As this type of research is quite specific and new, there were informational constraints. To the best of our knowledge, there was no other study on reconstructing a database to run a simulation study. Because of that, some decisions in our process and design were made based on personal judgment and intuition rather than prescribed rules and norms. For example, we decided not to include The Cochrane Library database because of viability and expected overlap in records. We believe this did not harm our goal of finding the initial inclusions; all initially included records were retrieved from the other databases. Furthermore, we implemented a provisional stopping rule where screening was halted after approximately one hour or upon labeling 50 consecutive records as irrelevant. The selection of this threshold is subject to ongoing debate within the screening literature. However, we contend that this heuristic likely had minimal impact on our results. This assumption is based on the premise that the records imported into the screening software were predominantly irrelevant, and given that our active learning model prioritizes the presentation of records it classifies as most likely to be relevant, we posited that it was highly unlikely for a new relevant record to emerge after 111 records were screened. We recognize the arbitrariness of this cutoff and acknowledge that the ideal threshold may vary considerably, influenced by the volume of records retrieved from database searches and the complexity inherent to the research question and evidence base. For further discussion and a heuristic for determining a more nuanced stopping rule, we refer readers to the works of [5, 7, 39], and [40] who provide a comprehensive evaluation of this issue. Additionally, see Boetje and van de Schoot [6], for a practical and high-quality heuristic.
There is considerable potential for further research in this area. Our study presents a single case study, and the ease or difficulty of replicating a search could vary substantially across different systematic reviews. Importantly, this case study included the participation of one of the authors from the original systematic review.

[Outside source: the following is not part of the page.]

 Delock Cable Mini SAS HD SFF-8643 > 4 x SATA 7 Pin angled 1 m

As one of the reviewers aptly notes, replicating a search without the involvement of the original systematic reviewers could present more challenges in practice. Additionally, it is worth considering that this researcher, while more experienced now, conducted the initial screening several years ago. This gap could have influenced both their perspective and recall of the specific topic, potentially impacting the results of our replication.

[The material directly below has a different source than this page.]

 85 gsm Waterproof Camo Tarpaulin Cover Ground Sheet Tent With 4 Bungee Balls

Focused on search reproduction, we have concerns regarding the PRISMA guidelines [30]. A key limitation we identified is that while the PRISMA guidelines mandate the reporting of full search strategies for all databases, they lack specificity on what constitutes a ‘full search strategy’. Often, authors limit their reporting to databases used and search terms, omitting critical details such as field codes, access platforms, and institutional access parameters. Reproduction becomes more challenging when thesaurus terms and searches without specific search fields are used, as both differences between access platforms and changes in the thesaurus can affect the retrieved records. These elements are vital for true reproducibility but are frequently overlooked, leading to challenges in replicating systematic reviews accurately. Moreover, the level of description of a “full search strategy” is open to interpretation and reporting of search strategies in systematic reviews is suboptimal (e.g., [4, 18, 21, 22]). So, while these guidelines provide a comprehensive checklist covering various sections of a systematic review manuscript, including the title, abstract, introduction, methods, results, discussion, and other information, they fall short of ensuring complete reproducibility. In theory, adherence to this checklist should guarantee transparency and reproducibility of the systematic review process. However, our findings indicate that this is not always the case in practice. Based on our study, we recommend that the next update of the PRISMA guidelines will comprise more extensive reporting of the search strategies, specifying platforms, institutional access, and field codes besides the search terms, but also storage of the search results and of the full labeled dataset of included and excluded records.
Further research could assess the balance between comprehensiveness and reproducibility. Certain searchable database fields will change more frequently than others; for example, the content and hierarchy behind thesaurus fields will be adapted more frequently than the content of title and abstract terms. Searching thesaurus fields may thus make a reproduction of a search more challenging, but using them is essential for a comprehensive search and, thus, for any systematic review. It might be useful to know which part of the discrepancies was due to each of the individual reasons: differences in institutional access, search strings not specifying search fields, changes in internal dictionaries over time, corrections of errors, retractions, and changes in indexing. With this type of knowledge, the development of initial searches, reporting of searches, and reproduction of searches could all focus on improving reproducibility without losing relevant records. Besides, it would be useful to assess the overlap between search engines. In the current case study, we only know that The Cochrane Library database did not retrieve relevant studies that were not covered by the other databases. It is advantageous to search fewer literature databases for efficiency but also search reproducibility. Again, this is a balancing act with comprehensiveness.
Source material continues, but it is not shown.